For some types of queries, it may be useful to make a type and a subtype, and there may be further levels of subjectivity with those subtypes especially where there is a greater degree of ad hoc SQL activity occurring. Having the results available as a query benchmarking fact table means the method of summarisation can be chosen after the queries are run, and this flexibility can be useful.

As well as comparing queries by type, this approach of using a query benchmarking fact table allows adding other information that may be of use to the primary metrics analysis. It’s also likely to be useful for supporting metrics analysis such as disk bytes scanned, but those metrics should be discussed elsewhere. When analysing the primary metrics, it should not show system maintenance operations such as Postgres vacuum, but for supporting metrics analysis the query benchmarking fact table can be useful for contrasting the workloads on maintenance operations versus the serving of useful workload.
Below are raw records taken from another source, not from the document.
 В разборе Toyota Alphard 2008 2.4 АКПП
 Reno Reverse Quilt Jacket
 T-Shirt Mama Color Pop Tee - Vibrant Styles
Further useful information for the query benchmarking table, noting that these may be very different between query categories, and are suggested here as a way to discover if the characteristics of specific query categories are changing.

  • Total rows returned

    • If the queries have changed so more rows need to be returned, this is more workload

  • Date range in days (or other suitable time unit)
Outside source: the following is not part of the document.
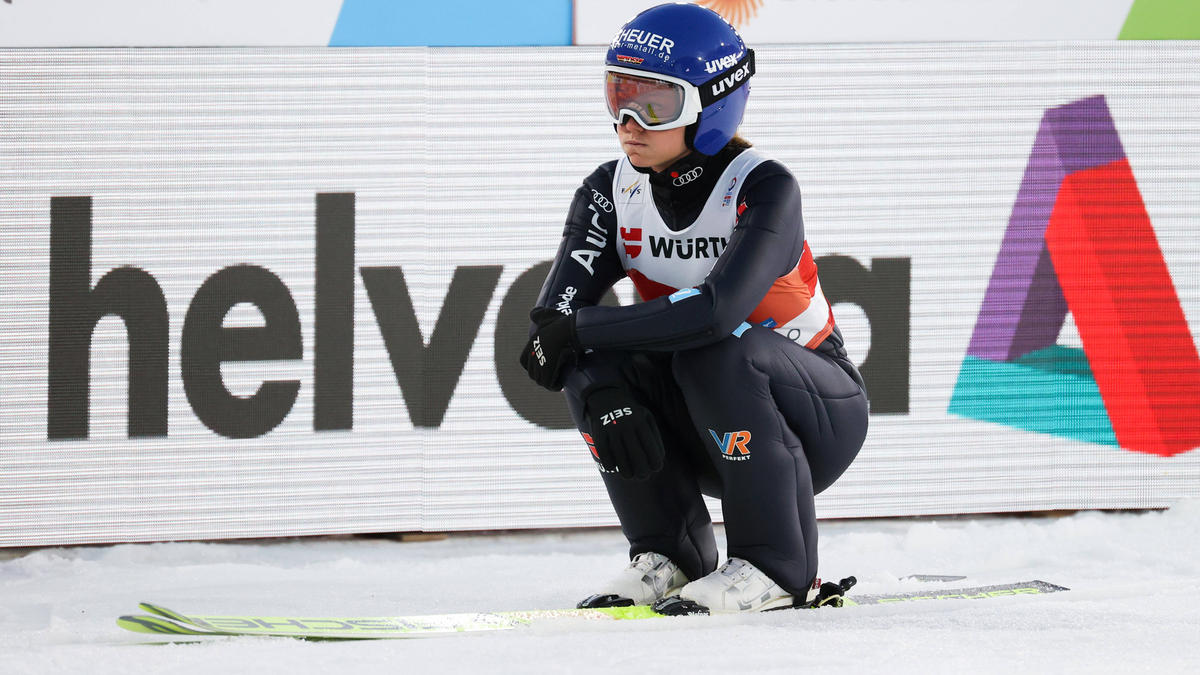 Rekordweltmeisterin Carina Vogt beendet ihre Skisprung-Laufbahn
    • If the queries have changed to require more days of data then this is more workload

    • Look out for queries with an increased range that is outside the range of data included in the system. For example if the system has one year of history data and the queries typically used one year of scope, then if the scope specified in the SQL changes to two years this is unlikely to make any difference, but if it was reduced to six months then it might well make a difference.

Particularly for ad hoc queries there are some interesting characteristics of queries that might work as additional properties on the query benchmarking table, such as the number of objects joined. At the primary metric analysis level, it may be simplest to use such characteristics to define the type or subtype of the query (e.g. “ad hoc query on fact table x joined only to small dimension tables”), rather than adding the count of objects joined, to avoid spending too much time making a distinction between whether something counts as a primary or as a secondary metric. Then this frees the analysis up at the secondary metric level to report for example that queries of subtype “ad hoc query on fact table x joined only to small dimension tables” have gone from 100% hash join to 100% nested loops. There are techniques for analysing secondary metrics in the context of primary metrics that make this process more efficient and the conclusions more reliable.
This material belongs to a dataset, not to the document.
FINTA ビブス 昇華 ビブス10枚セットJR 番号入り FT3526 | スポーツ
Other Considerations and References…

Latency of data may be be different between solutions, this is simplest to present as another primary “Benefits and costs” item as described in Structuring Data Warehouse Benchmarks, along with time scope of history.

When analysing workload it’s relevant how the relative timings of queries will affect the user experience of the individual queries. For example if the first query of a particular type requires loading from object storage and the second can then run from a RAM cache if it occurs within x minutes of the first, then it becomes important to understand that time relationship in order to configure improvements. It is the purpose of the primary metrics to show the volume of workload as described here and also the user experience of individual instances of workload as described in Query Experience Benchmarking, but the primary metrics are deliberately kept independent of solution specific supporting metrics such as proportion of queries served from cache, because it is safest to avoid making any assumptions how supporting metrics relate to actual useful volume of workload served and corresponding user experience of individual instances of workload. There are techniques that can be described separately for analysing the primary metrics by time that provide a template approach for understanding how volume and experience vary with time and with each other. Once this is understood then the options for improvement can then be informed by analysing the relevant secondary metrics in relation to the primary metrics.